ISSN: 2469-2794 FRCIJ

Forensic Research & Criminology International Journal
Opinion
Volume 2 Issue 5 - 2016
Indian Law for Trial of Juvenile - Deterrent for Crime or Defence for Criminals
Mohit Gupta*
Department of Forensic Medicine, Vardhman Mahavir Medical College, India
Received: July 29, 2016 | Published: August 04, 2016
*Corresponding author: Mohith Gupta, Department of Forensic Medicine, Vardhman Mahavir Medical College & Safdarjung hospital, New Delhi, India-110029, Email:
Citation: Gupta M (2016) Indian Law for Trial of Juvenile - Deterrent for Crime or Defence for Criminals. Forensic Res Criminol Int J 2(5): 00067. DOI: 10.15406/frcij.2016.02.00067

Opinion

In India, The Juvenile Justice (Care and Protection of Children) Act, 2000 is applicable for those juveniles (children less than 18 years) who have committed a crime. This act has been amended in 2015 [1]. Under this act the juvenile in conflict with law (juvenile offender) is sentenced to a maximum 3 years in a remand home or a juvenile home (never in prison) if he has committed a petty or a serious offence. If the juvenile commits a heinous offence between 16-18 years of age then he can be given any punishment as per law. The objective of this act was “to consolidate and amend the law relating to juveniles in conflict with law and children in need of care and protection, by providing for proper care, protection and treatment by catering to their development needs, and by adopting a child friendly approach in the adjudication and disposition of matters in the best interest of children and for their ultimate rehabilitation through various institutions established under this enactment”.

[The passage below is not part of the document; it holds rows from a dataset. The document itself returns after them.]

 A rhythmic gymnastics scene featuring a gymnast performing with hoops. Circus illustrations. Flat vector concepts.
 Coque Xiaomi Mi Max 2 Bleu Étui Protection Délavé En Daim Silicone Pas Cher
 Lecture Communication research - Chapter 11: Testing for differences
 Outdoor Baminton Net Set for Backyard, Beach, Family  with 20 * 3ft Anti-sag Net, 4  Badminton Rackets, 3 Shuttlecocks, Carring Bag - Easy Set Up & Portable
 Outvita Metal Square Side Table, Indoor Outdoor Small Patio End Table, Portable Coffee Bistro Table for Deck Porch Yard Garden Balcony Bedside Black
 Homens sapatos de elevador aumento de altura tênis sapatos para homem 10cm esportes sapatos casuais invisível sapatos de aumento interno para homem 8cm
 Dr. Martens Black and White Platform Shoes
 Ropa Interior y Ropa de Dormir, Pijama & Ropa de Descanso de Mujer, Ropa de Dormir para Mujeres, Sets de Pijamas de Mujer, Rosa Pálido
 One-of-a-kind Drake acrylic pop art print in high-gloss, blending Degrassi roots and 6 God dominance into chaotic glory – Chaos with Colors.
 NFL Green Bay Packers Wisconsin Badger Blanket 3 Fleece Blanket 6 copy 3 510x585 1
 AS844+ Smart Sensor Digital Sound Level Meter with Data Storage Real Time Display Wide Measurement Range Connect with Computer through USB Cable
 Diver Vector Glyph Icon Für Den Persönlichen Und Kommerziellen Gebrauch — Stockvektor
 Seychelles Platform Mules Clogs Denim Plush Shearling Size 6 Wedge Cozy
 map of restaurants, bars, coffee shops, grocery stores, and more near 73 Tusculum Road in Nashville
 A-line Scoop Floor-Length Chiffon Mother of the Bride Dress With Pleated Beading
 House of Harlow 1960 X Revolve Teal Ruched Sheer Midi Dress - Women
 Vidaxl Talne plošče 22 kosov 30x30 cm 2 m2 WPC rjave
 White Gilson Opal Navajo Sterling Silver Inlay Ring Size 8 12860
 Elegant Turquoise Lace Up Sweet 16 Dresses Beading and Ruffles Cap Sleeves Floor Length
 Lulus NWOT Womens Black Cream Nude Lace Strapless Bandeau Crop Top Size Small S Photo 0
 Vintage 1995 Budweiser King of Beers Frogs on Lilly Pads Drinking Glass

However, The Juvenile Justice Act has been misused consistently by individuals as their defence for crimes. As per this act, Age proof is required for those individuals who want to claim relief under this act. The age proofs acceptable under this act are Xth standard mark sheet or birth certificate or certificate of age from village sarpanch or executive magistrate. For a person who has no age proof a medical board is constituted for determining age. As by medical age determination only an age range can be provided, this age is used in his benefit by the alleged juvenile, The author came across a case where the individual committed crimes during 1986-92. During the trial in 2014 the accused claimed that he was a juvenile at the time of commission of the offence i.e. about 20 years back. In the age group of 25-40 years determining age is more difficult by the medical examination. The juvenile claimed the benefit of doubt in the said case.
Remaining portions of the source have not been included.